Qui dit exclusivité pour les Vieilles Charrues, dit impossibilité pour les autres festivals d’accueillir les artistes. Ca peut être bienvenu quand tous les festivals manquent d’originalité dans leur programmation (et il faut avouer que c’est un peu le cas aussi ces dernières années au moins avec les festivals d’été), mais c’est se couper une partie du public qui ne pourra pas payer et l’entrée au festival et des centaines de kilomètres pour s’y rendre, sans parler des conditions d’écoute qui ne sont pas optimales dans des champs. Quand on respecte les musiciens et le public, ce n’est pas une façon d’agir. Qui plus est cette course à l’exclusivité a amené des charges de plus en plus élevées pour les festivals, et une concurrence malsaine s’est instaurée entre eux, ce qui pourrait, en cette année morose économiquement, en amener d’autres à la banqueroute.
Et l’artiste dans tout ça ? Ben l’artiste il fait confiance à son tourneur qui doit lui assurer le meilleur retour sur investissement par concert. vaut-il mieux faire des dates au Stade de France, sachant qu’il faudra payer la location du stade, la scène, le matériel, les déplacements depuis le concert précédent de tous les techniciens, leur bouffe, leur hébergement, etc, en n’étant pas sûr de faire le plein 2 soirs, ou alors faire seulement 1 soir dans un coin paumé en Bretagne où il n’y aura rien de tout cela à payer, et une assurance de cachet et d’audience ? Le calcul est vite fait.
A noter que les Transmusicales, qui n’a aucune tête d’affiche mise en avant au détriment des autres, n’est basé que sur la découverte, et les concerts à dimension humaine, a plus que rempli ses “objectifs” cette année, à un moment peu propice à la dépense futile (période de crise, avant Noël), sans payer aucune exclusivité. Voilà qui prouve que l’on peut avoir un succès artistique, d’audience et financier, sans se compromettre.

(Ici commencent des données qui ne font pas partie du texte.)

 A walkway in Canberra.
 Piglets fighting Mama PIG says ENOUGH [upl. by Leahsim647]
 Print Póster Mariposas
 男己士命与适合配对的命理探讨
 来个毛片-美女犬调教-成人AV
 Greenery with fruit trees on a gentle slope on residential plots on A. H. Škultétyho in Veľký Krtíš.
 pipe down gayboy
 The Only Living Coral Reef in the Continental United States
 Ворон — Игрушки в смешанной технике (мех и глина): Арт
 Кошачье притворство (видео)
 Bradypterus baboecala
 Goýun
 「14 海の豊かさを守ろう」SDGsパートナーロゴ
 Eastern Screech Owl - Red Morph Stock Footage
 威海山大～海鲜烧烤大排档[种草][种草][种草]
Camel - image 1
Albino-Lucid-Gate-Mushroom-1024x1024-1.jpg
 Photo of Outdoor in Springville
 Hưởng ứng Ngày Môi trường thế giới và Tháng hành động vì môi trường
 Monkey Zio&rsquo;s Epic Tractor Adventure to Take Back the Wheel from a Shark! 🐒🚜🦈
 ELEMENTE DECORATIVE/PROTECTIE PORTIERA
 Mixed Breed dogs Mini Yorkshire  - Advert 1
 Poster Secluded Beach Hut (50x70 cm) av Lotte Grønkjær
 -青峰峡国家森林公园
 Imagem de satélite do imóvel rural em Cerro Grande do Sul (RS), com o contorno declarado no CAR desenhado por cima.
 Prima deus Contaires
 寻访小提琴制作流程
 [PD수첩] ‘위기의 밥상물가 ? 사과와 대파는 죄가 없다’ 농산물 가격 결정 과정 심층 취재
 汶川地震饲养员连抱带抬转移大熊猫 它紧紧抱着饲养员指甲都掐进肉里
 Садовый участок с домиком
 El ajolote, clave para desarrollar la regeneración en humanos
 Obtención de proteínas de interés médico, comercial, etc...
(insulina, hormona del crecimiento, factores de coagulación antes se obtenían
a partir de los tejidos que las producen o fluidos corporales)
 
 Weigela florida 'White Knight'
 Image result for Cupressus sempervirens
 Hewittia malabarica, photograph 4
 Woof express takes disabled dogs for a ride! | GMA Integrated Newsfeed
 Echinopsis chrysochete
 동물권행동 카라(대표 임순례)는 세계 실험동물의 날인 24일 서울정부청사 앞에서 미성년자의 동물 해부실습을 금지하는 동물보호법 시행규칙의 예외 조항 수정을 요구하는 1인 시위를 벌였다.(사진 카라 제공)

Bref, les Vieilles Charrues sont devenues au concert tout ce que l’on critique au disque chez les majors. Paupérisation de l’offre, consommation de masse, adaptation à ses propres objectifs plutôt qu’à ceux des fans, etc. (Bon je dis ça la plupart des gens de mon entourage breton qui y vont, y vont plus pour se retrouver autour de la buvette que devant la scène…). Espérons que cette course à l’exclusivité (apportée par Live Nation en premier lieu) ne sera pas trop contagieuse.